Calling for a more woman-friendly orientation of the law, eminent women's rights activist and AIDWA president Subhasini Ali said these 'outrageous practices' along with rights to custody of children and maintenance of divorced women also needed review.
"The Muslim Personal Law Board, which had assured Muslim women of positive intervention on their demands including a model 'Nikahnama', has backtracked.
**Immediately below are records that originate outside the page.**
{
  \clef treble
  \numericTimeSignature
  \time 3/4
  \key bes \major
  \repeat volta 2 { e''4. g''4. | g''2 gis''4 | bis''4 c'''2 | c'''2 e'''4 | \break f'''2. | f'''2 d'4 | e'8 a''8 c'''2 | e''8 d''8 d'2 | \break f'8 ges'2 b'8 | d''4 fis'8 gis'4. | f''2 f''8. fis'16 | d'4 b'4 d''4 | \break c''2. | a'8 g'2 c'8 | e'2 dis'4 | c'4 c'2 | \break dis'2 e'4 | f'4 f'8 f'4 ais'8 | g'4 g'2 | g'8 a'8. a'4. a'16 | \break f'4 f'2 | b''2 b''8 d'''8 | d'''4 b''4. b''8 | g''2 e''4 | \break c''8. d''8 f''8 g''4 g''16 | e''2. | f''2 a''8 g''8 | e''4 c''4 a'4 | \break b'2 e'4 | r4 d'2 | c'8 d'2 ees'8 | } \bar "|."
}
Now it says it can only act in an advisory capacity," Ali said at AIDWA's four-day national conference, which began in Bhubaneshwar on Nov 18.
However, the recent pronouncements of the board against arbitrary triple talaq and for equal property rights for women were a step forward, she observed.
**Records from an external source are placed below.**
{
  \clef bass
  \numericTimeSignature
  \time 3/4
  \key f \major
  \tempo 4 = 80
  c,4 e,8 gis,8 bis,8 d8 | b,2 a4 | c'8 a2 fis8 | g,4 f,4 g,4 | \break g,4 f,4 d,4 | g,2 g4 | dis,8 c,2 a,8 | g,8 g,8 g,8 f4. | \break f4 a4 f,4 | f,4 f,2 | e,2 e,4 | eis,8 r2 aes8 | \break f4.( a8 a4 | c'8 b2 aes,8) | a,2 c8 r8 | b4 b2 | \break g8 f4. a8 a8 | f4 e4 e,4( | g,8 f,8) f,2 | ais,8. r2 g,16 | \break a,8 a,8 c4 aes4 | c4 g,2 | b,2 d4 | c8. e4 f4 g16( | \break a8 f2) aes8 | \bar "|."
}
Citing the instance of an Oriya Muslim woman being forced to undergo 'halala' (the practice whereby the wife has to marry and have conjugal relations with another man if she wants to remarry her divorced husband) AIDWA general secretary Brinda Karat said the woman was ostracised when she defied the fatwa of the maulvis.
"The husband had been drunk when he divorced her through triple talaq. The couple wanted to remarry without going through 'halala'. But local maulvis opposed it," Karat said.
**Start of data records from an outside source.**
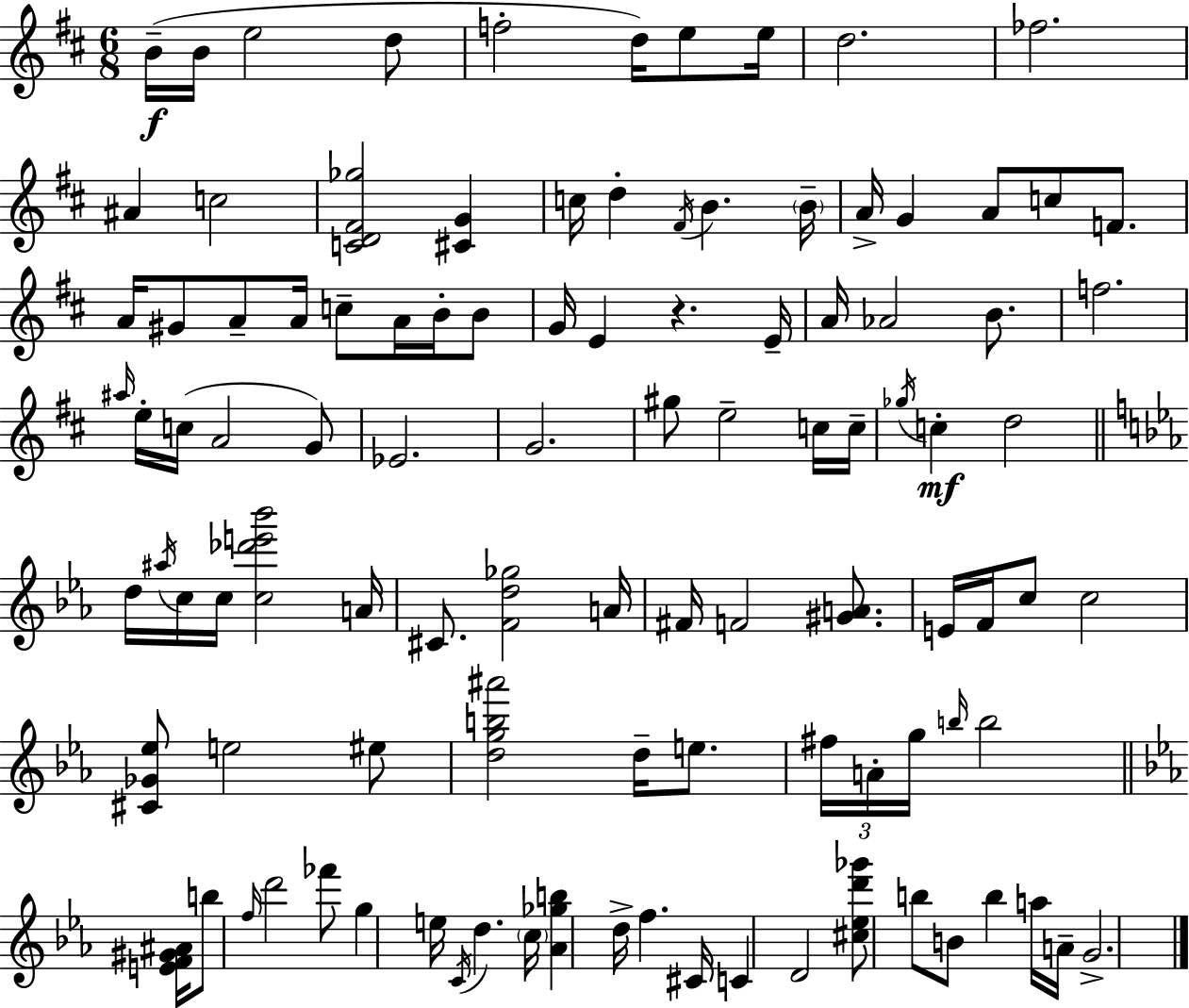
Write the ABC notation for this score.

X:1
T:Untitled
M:6/8
L:1/4
K:D
B/4 B/4 e2 d/2 f2 d/4 e/2 e/4 d2 _f2 ^A c2 [CD^F_g]2 [^CG] c/4 d ^F/4 B B/4 A/4 G A/2 c/2 F/2 A/4 ^G/2 A/2 A/4 c/2 A/4 B/4 B/2 G/4 E z E/4 A/4 _A2 B/2 f2 ^a/4 e/4 c/4 A2 G/2 _E2 G2 ^g/2 e2 c/4 c/4 _g/4 c d2 d/4 ^a/4 c/4 c/4 [c_d'e'_b']2 A/4 ^C/2 [Fd_g]2 A/4 ^F/4 F2 [^GA]/2 E/4 F/4 c/2 c2 [^C_G_e]/2 e2 ^e/2 [dgb^a']2 d/4 e/2 ^f/4 A/4 g/4 b/4 b2 [EF^G^A]/4 b/2 f/4 d'2 _f'/2 g e/4 C/4 d c/4 [_A_gb] d/4 f ^C/4 C D2 [^c_ed'_g']/2 b/2 B/2 b a/4 A/4 G2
The highly publicised case of Gudiya, who was forced to go back to her first husband through a fatwa of religious leaders, also pointed to their hold over the community, she said.
The communally polarised situation of the country was reflected in the larger number of Muslim women wearing burkhas today than earlier, Karat said.
''One's dress is personal. Wearing a burkha is not a sign of 'conservatism' or backwardness' just as wearing a mini skirt is not a sign of modernity. But the choice must be that of the woman's," she said.
"In Kashmir, fundamentalist forces have targetted women who have refused to wear the burkha" Karat lamented.